Companies want to reach their customers, in which framework is still the 
question, but they want to play fair with the recieving mail server, the 
trouble is that the people that want to play unfair will play unfair whatever 
rules, ethics you throw at them. About 90% of all email is spam and 70% of that 
comes from botnets. 

So I'm looking here for a mechanism for easy "unsubscription"/ (you can call it 
list washing) for the people that play fair without giving an edge to the 
unfair people, and at the same time giving information to ISPs about the emails 
they sent to medium sized organisation (only big ISP/ESP run feedback loop 
programs). 

I think Dave Croker summary of the problem is very good, and I think there are 
possibilities here to achieve the goal of a general feedback loop for the 
benefit of all. 

----- Original Message ----- 
From: "Florian Sager" <sager(_at_)agitos(_dot_)de> 
To: "Franck Martin" <franck(_at_)genius(_dot_)com> 
Cc: ietf-dkim(_at_)mipassoc(_dot_)org 
Sent: Friday, 29 May, 2009 7:04:31 PM GMT +12:00 New Zealand 
Subject: Re: [ietf-dkim] General Feedback loop using DKIM 

Franck Martin schrieb: 
I'm curious to see if the feedback loop mechanism could be extended 
using DKIM. ... 
This would provide a mechanism similar to FBL but allowing small 
receiving mail systems to participate. 
Hi Franck, 

with http://www.dkim-reputation.org we offered automatic FBLs for valid 
DKIM signed messages in the following setup from approx. Sept 08 to Jan 09: 
- feedback is provided for mails hitting a spamtrap 
- destination address of the feedback: I discussed with Murray the use 
of an r= entry (there was once a discussion about its use as reporting 
address) but since this is not supported I chosed the following: a) 
lookup the first public IP in the received header b) lookup an abuse 
address in the whois entry of the IP 
- the ARF reports contained headers with garbled destination addresses 
to hide spamtrap addresses 
- trusted signers get ungarbled mails: there is an extended mode, 
offered in http://service.dkim-reputation.org that allows the sending of 
feedback to registered users (so we have some control). Currently just 
Google and Yahoo! wanted to get ARFs from us. 
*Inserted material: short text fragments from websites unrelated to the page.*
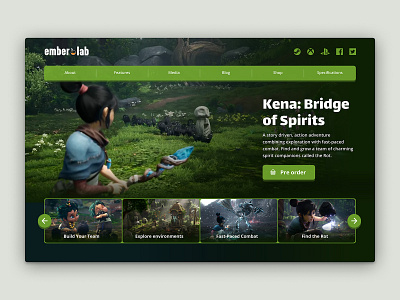 Daily UI 003 Landing page 003 branding daily ui daily ui 003 design figma gaming landing page landingpage layout ui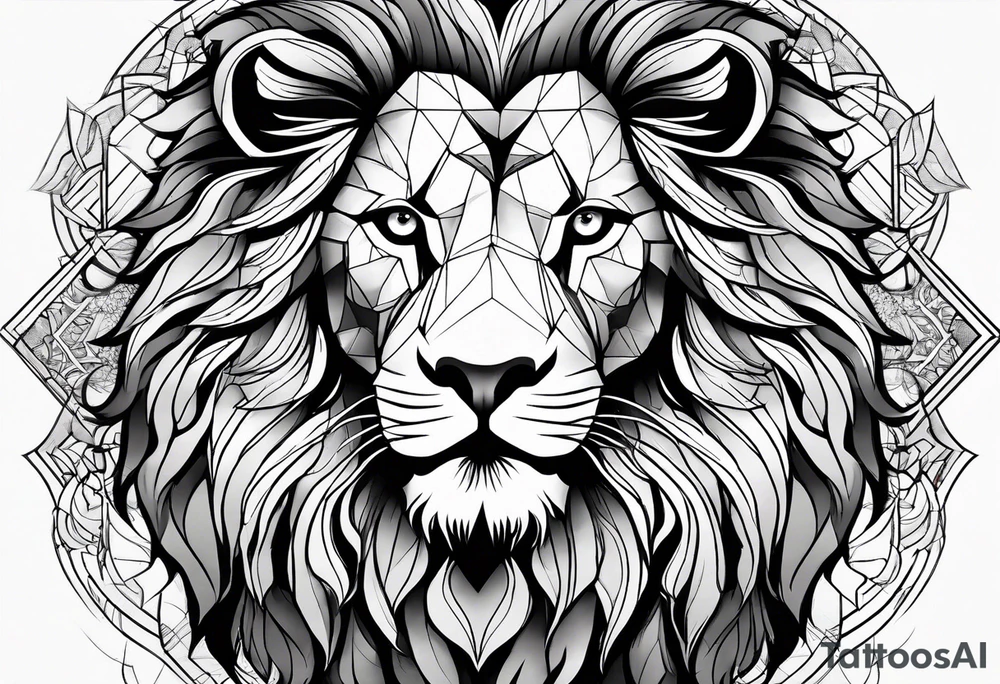 a majestic lion tattoo idea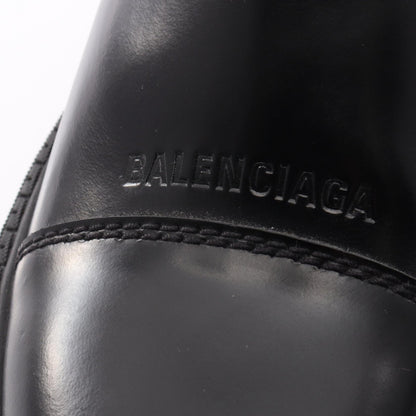 BALENCIAGA Black TRACTOR Leather Boots Size 36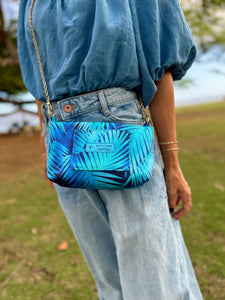 Shoulder bag mini (blue leaf) / ショルダーミニ（ブルーリーフ）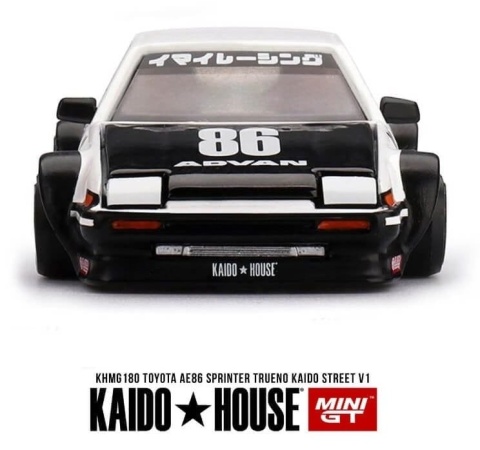 TOYOTA AE86 Sprinter Trueno Kaido Street V1 KAIDO HOUSE KHMG180 MiniGT 1:64
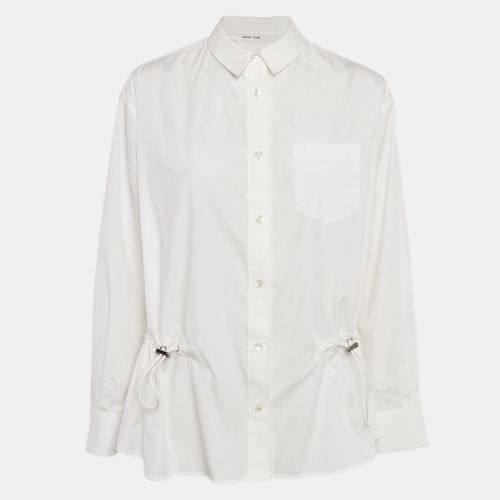 Sacai White Cotton Blend Button Front and Back Blouse XL - Sacai - Modalova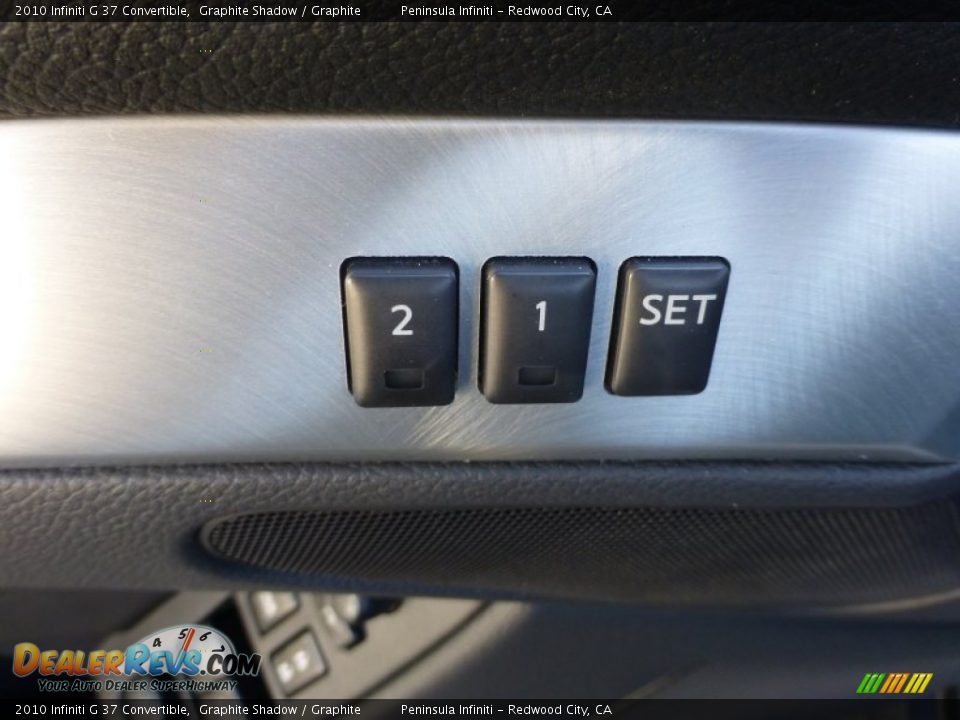 2010 Infiniti G 37 Convertible Graphite Shadow / Graphite Photo #23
Why using abuse-addresses from the whois? 'Cause I expected that sending 
feedback to the signer of the message could mean that I directly help 
spammers to do list-washing. 

LESSONS LEARNT with this setup: 
1) even abuse-addresses in the whois lead to spammers: one wrote an 
email to me and asked why content is garbled. I explained that I want to 
hide destination addresses. He said he sends identifiers in the email 
body that shows the destination address to him, so he removed the 
spamtrap address. Maybe as a consequence of this open feedback the 
spamtraffic in the spamtraps dropped a bit so I decided to switch open 
FBLs off in Jan 09. 
2) even datacenter's abuse contacts just forwarded the reports to the 
spammers 
3) ISPs like earthlink.net with a high spam ratio didn't respond to our 
offer to send them FBLs (I think they didn't understand the system, 
professionality in abuse departments is very different) 

CHANGED setup: 
we just send ARFs to trusted, manually confirmed feedback addresses 
(that were entered in http://service.dkim-reputation.org) 

With this experience I think FBLs should be provided to a very coarse 
granular entity on the network administration level. Some guys in our 
email working group in Germany started http://www.abusix.de that sends 
reports based on AS numbers. The according network administrators can 
process ARFs (a) more professionally (b) are more likely farest away 
from spammers (c) can escalate the processing internally if necessary 
(d) would get more reports that can be aggregated and analyzed by 
"significant peaks" (e) can take serious actions [McColo].